Execution Environment

The satellite hosts multiple Linux computers ("payloads") with each managing specific hardware (e.g. cameras, transceivers or GPUs). Spire provides a persistent isolated execution environment for the user to upload files to and run applications. An output provides a way to downlink files. A local agent provides a REST API to interact with the satellite bus (e.g. for telemetry or attitude control), as well as an SDK. It is documented there.

Satellite Bus

The satellite bus is a broad name given to the many systems on the satellite that support a users activities. Spire maintains the satellite bus, which includes powering systems on and off, charging batteries, station-keeping, communicating with the ground (and other satellites), running the schedule, and executing user applications on the payloads.

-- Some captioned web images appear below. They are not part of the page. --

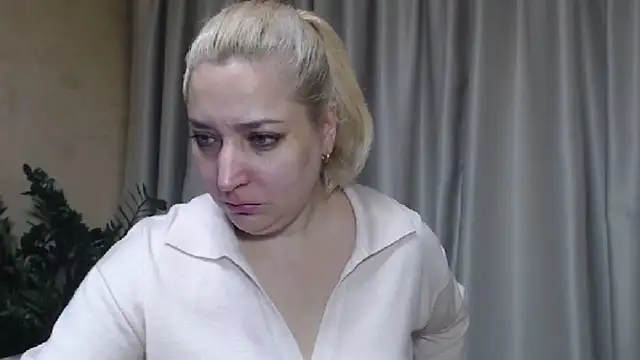 sweetpussy13 online show from October 9, 2025, 5:52 am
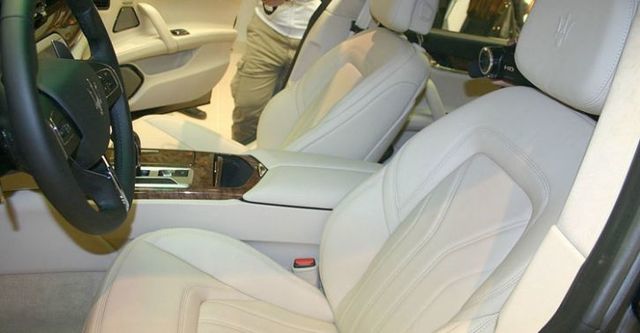 2014 Maserati Quattroporte S Q4  第9張相片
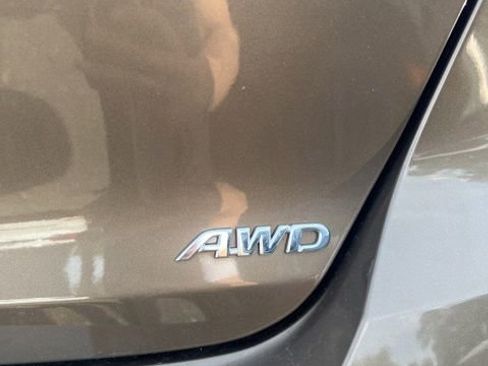 Used 2011 Toyota Venza AWD w/ Comfort Pkg image 8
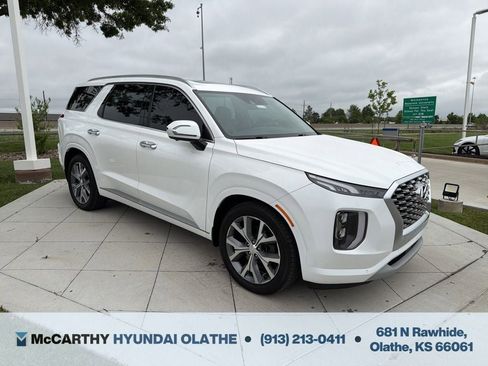 Used 2021 Hyundai Palisade Limited FWD image 2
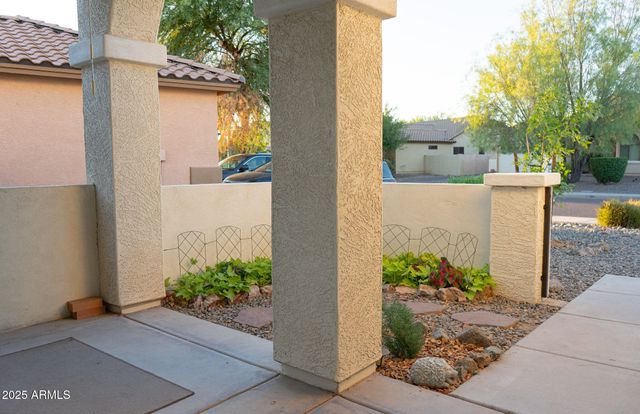 2489 E SEQUOIA Drive, Chandler, AZ 85286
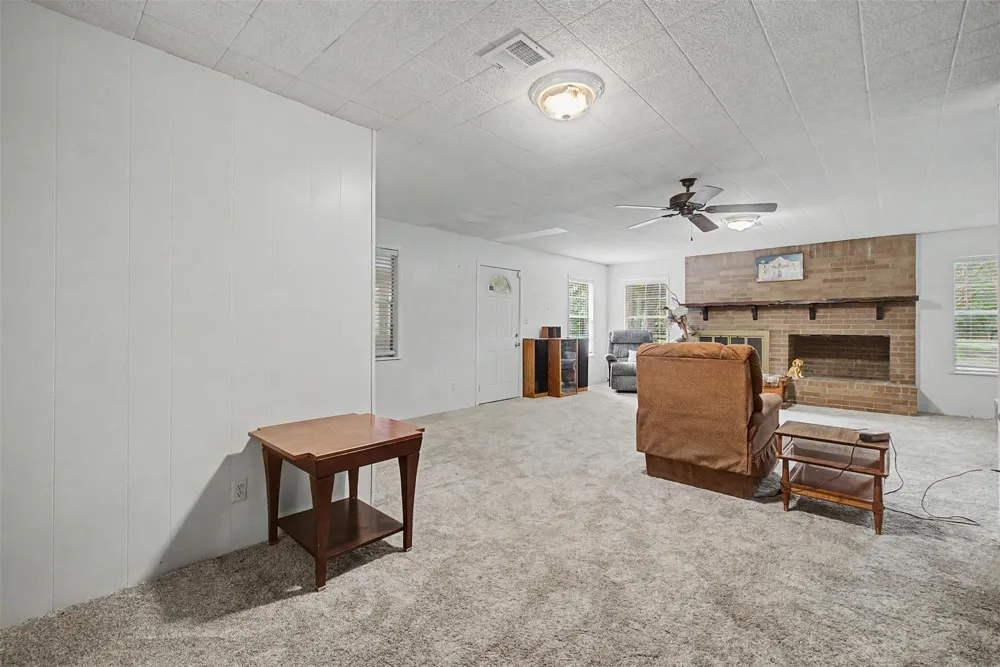 6556 Golden Oaks Drive Conroe, TX 77385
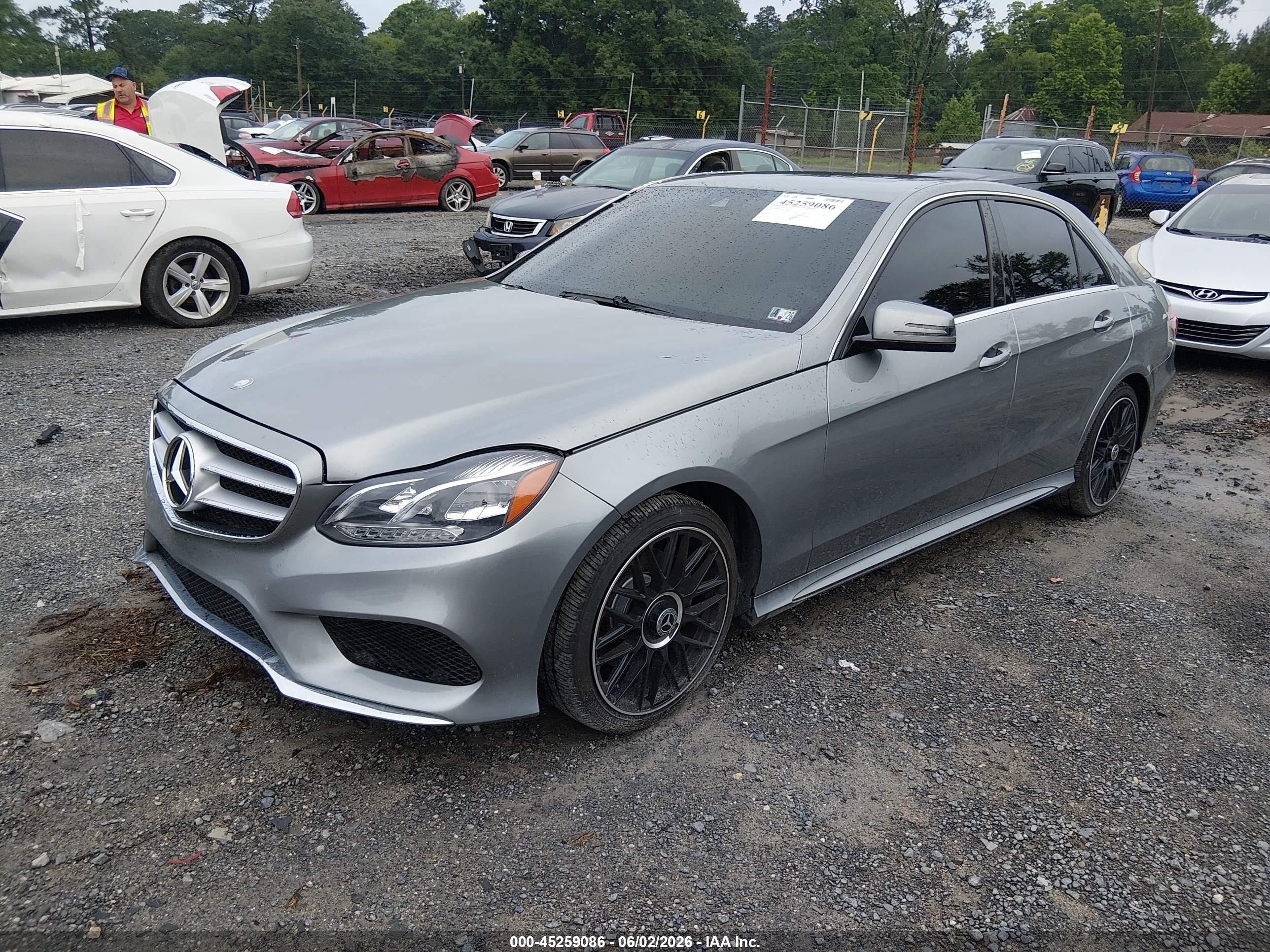 2014 Mercedes-benz E 350 4matic Silver vin: WDDHF8JB9EA881885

A window is a reserved period of time on a specific satellite for an activity. Windows are placed in the schedule. Different window types reserve different hardware and require exclusive access to different things, e.g. attitude control. User reservations are represented as types of windows too.

Contact Windows

A contact is a type of window created by Spire, and is a one or two-way radio transmission between a satellite and a ground-station, or between two satellites (inter-satellite links). The purpose of a contacts is broad, but includes time for maintenance, schedule synchronization and the transfer of data, logs and telemetry. Spire schedules contacts for its exclusive use - user code is not made aware of these contacts. Users may schedule their own contacts between satellites (ISL), but not between a satellite and ground station.

Payload Windows

Each payload type (e.g. SDR, SABERTOOTH or IPI) has a corresponding window to execute applications in. Users schedule payload windows via the Tasking API.

Lease Windows

A lease is the reservation of a system over the time window. LEASE_ISL creates an inter-satellite-link between 2 satellites for the excusive use of the user's payloads. LEASE_ADCS passes attitude control to user code running on the payloads.

Satellite Schedule

The list of windows for each satellite is held in a schedule. The schedule contains all windows, both for contacts created by Spire and for user activities. The schedule is synchronized with the satellite at each contact. The schedule can be queried with the GET /windows API endpoint.

Scheduling Time on a Payload

A window is inserted into the schedule with the Tasking API. The window type controls what payload is reserved. A window accepts attitude control information to enable directional control of antennas, apertures, cameras etc.

Uploading Files

The Tasking API provides an upload endpoint for up-linking files to a specific satellite payload. Files are cached on the ground and queued for upload at subsequent contacts, managed by Spire. Uplink bandwidth is limited. For larger files and installations Spire recommends the files be flight-flashed to the payload prior to launch.

Flight Flash

Flight-flash is the process of creating and flashing disk images onto the payloads file systems prior to launch. This is often a good time for large user applications to be installed, e.g. machine learning models or frameworks like Python or TensorFlow.

Downloading Files

Any files found in the /outbox directory on a payload at the end of a window will be transferred off the payload by the satellite bus and queued for download to AWS S3.

Sharing Files

Payload window definitions provide the ability to have the satellite bus copy files from another payload before start. Alternatively IP networking is available between payloads when windows overlap. More on that in the next 3 sections...

Window Copy Function

A window definition may contain a section to copy a file from a different payload on the satellite to this payload's /inbox. This supports a simplified workflow where each payload produces data for a subsequent payload on the same satellite to consume. An example would be to capture an image on the IPI and analyze the image on the SABERTOOTH. The satellite bus performs the copy operation between the two payloads.

Inter-payload Networking

When windows on a satellite overlap, ethernet is provided for IP networking, Ping and UDP & TCP ports 10,000+ are enabled. This allows application code to communicate, e.g. listen on a port for requests from a different payload.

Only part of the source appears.